Also, in contrast to iPhones, Android traditionally relies a lot more on safe languages like Java and Kotlin (and now Rust). Of course, iOS is improving there as well with Swift.
The issue is that all other Android vendors outside Google Pixel and to some extend Samsung are just terrible when it comes to device security.
Finally, it should be said that iOS was also compromised relatively quickly according to leaked Cellebrite presentations. The only system they could not compromise at the time was GrapheneOS, because they fully use Pixel hardware security features and do a lot of additional mitigations (including many that iOS doesn't use).

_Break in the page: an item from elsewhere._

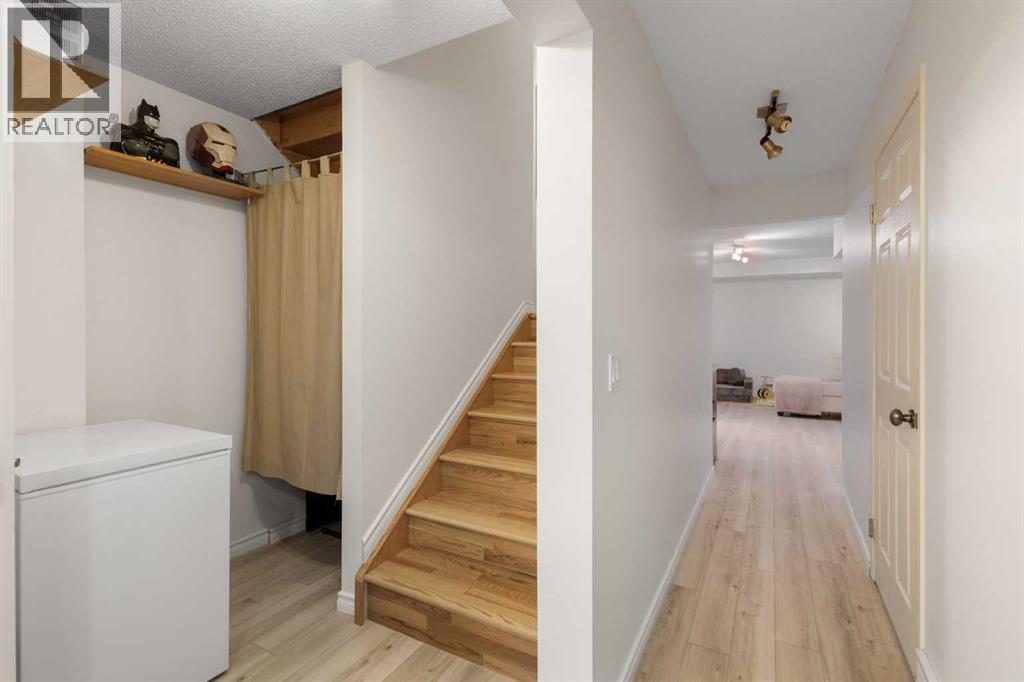 1629 29 Avenue SW - 30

Also, any discussion of iOS should come with a fat disclaimer that by default iOS devices have a huge hole: most people use iCloud Backups (and are nudged towards it) without ADP, so their iCloud backups are not end-to-end encrypted and their chats, etc. can be requested by law enforcement. That you yourself use ADP does not really matter if the people you are communicating with don't. Also, Apple manages the key dictionary for iMessage, etc. so they could insert themselves. I would not be surprised if default non-E2E backups are a compromise in the extension of the NSA PRISM program that Apple already participated in before the Snowden leaks.
Of course, Google isn't any better, but just to say that Apple's security/privacy story is selective. Yes, they help protecting against some malicious groups and non-allied states, but they also make sure that US law enforcement (and probably some allied powers) can access most data.